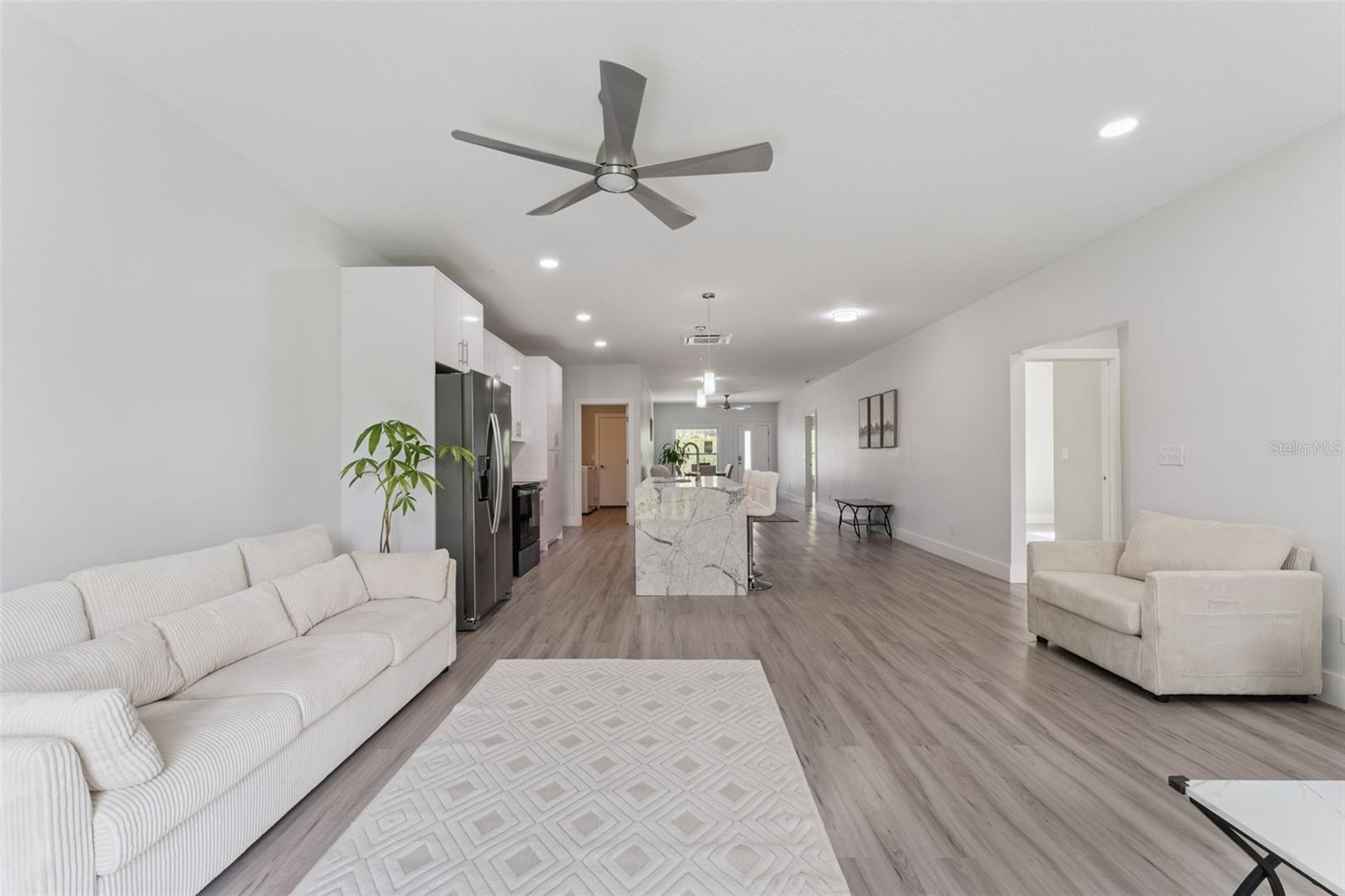 19420 ORTEGA ST, ORLANDO, FL, 32833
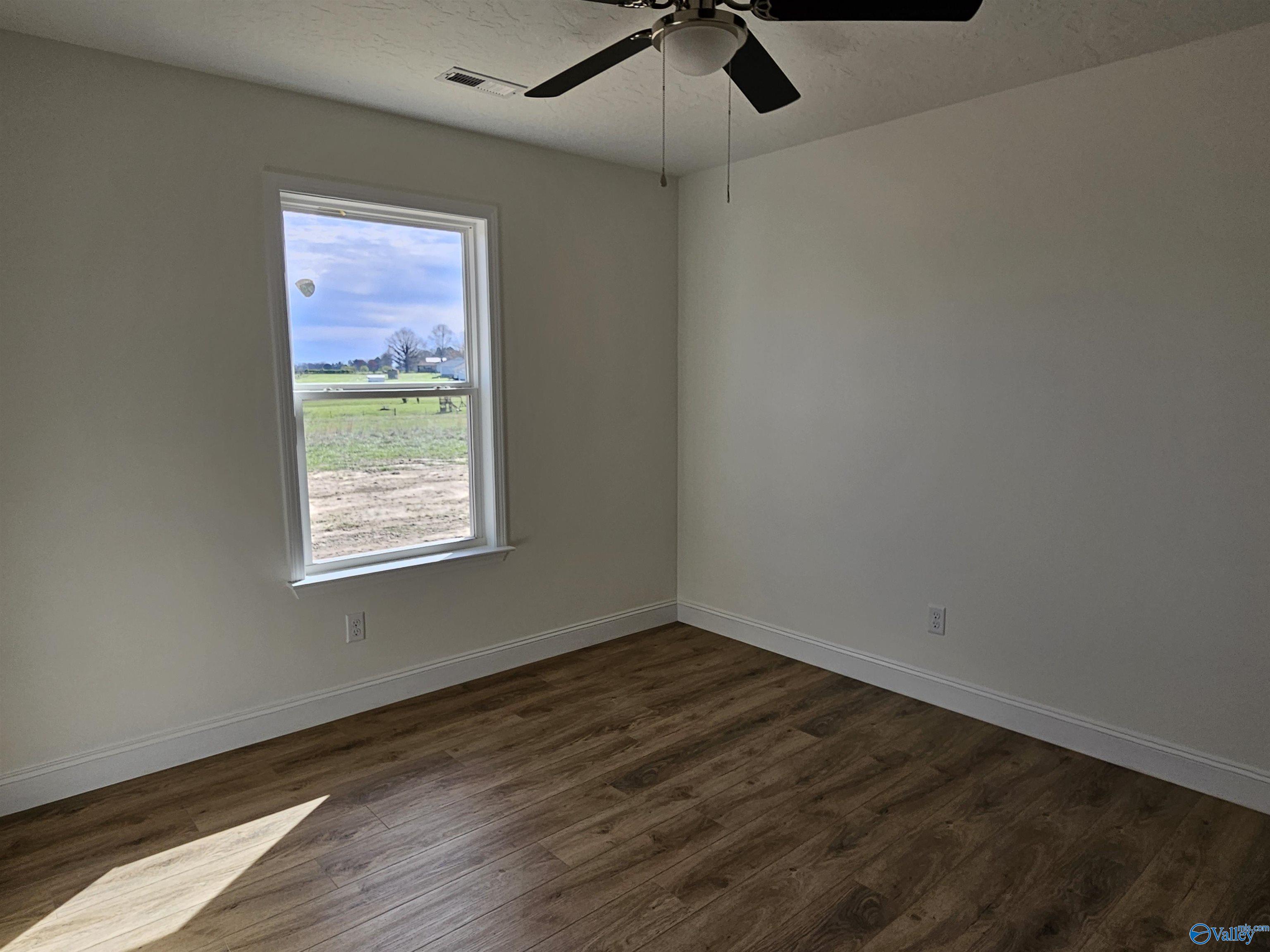 4493 County Road 78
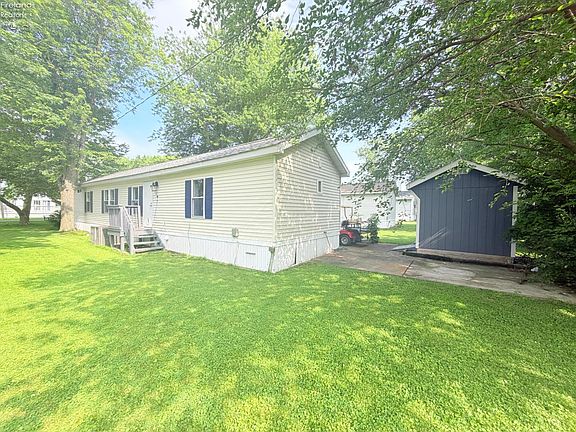5th image of 1600 N Buck Rd Lot 39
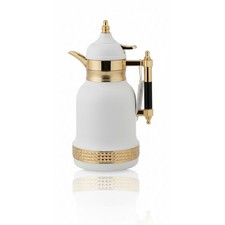 1L Luxury Vacuum Flask Thermos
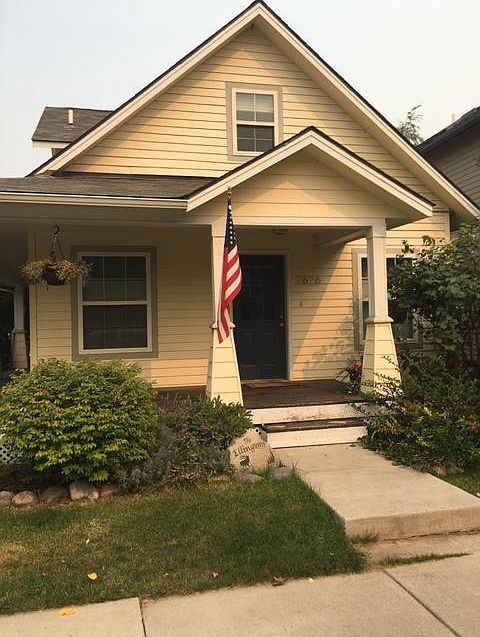 1st image of 2626 Oshaughnesy St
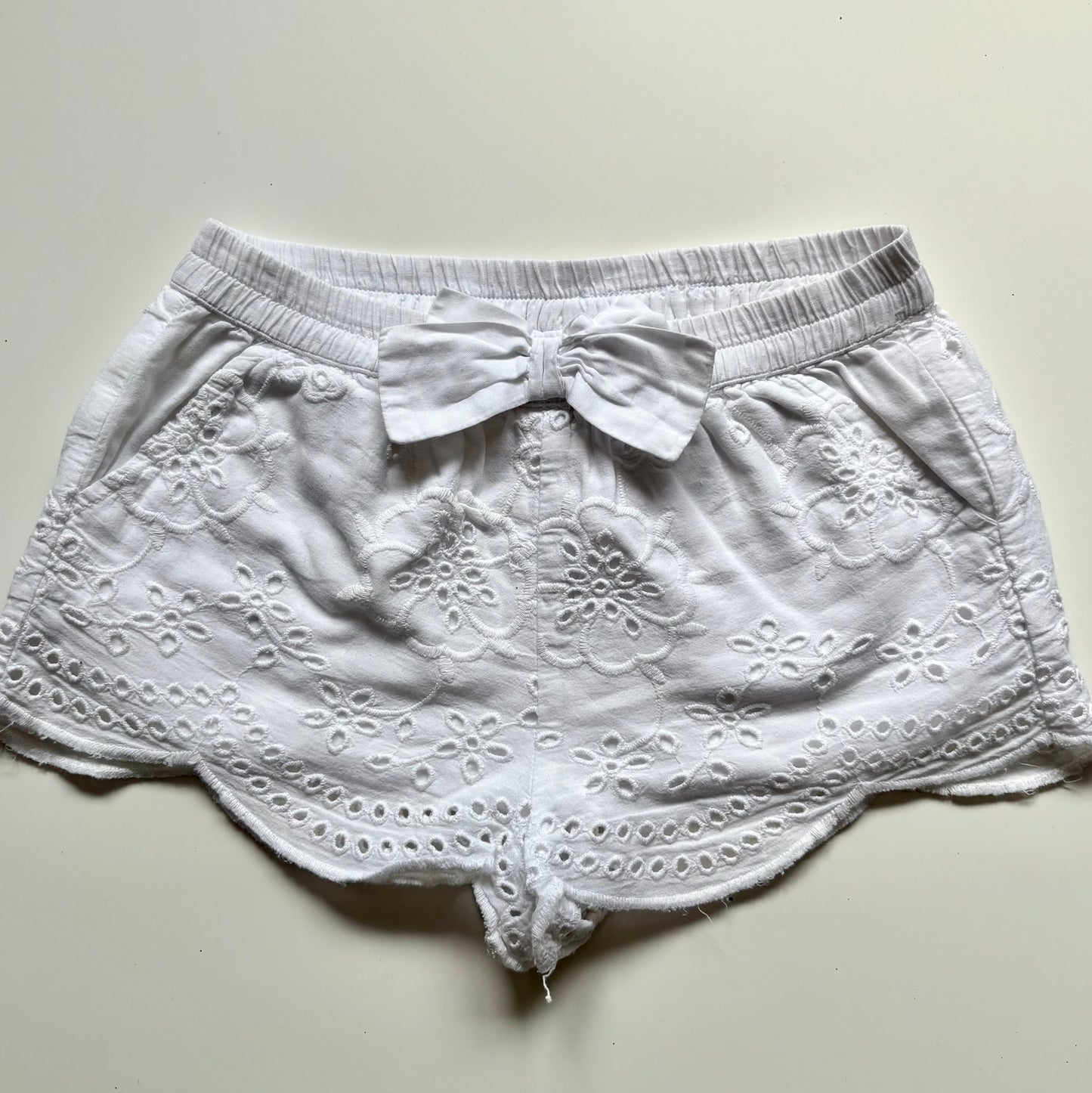 Short Zara | 18-24 mois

■ ■ ■ ■ ■

**INSTRUCTIONS TO FOLLOW**
Line by line, retype the records above exactly, minus the images.

**RESPONSE TO THE TASK**
 19420 ORTEGA ST, ORLANDO, FL, 32833
 4493 County Road 78
5th image of 1600 N Buck Rd Lot 39
 1L Luxury Vacuum Flask Thermos
 1st image of 2626 Oshaughnesy St
 Short Zara | 18-24 mois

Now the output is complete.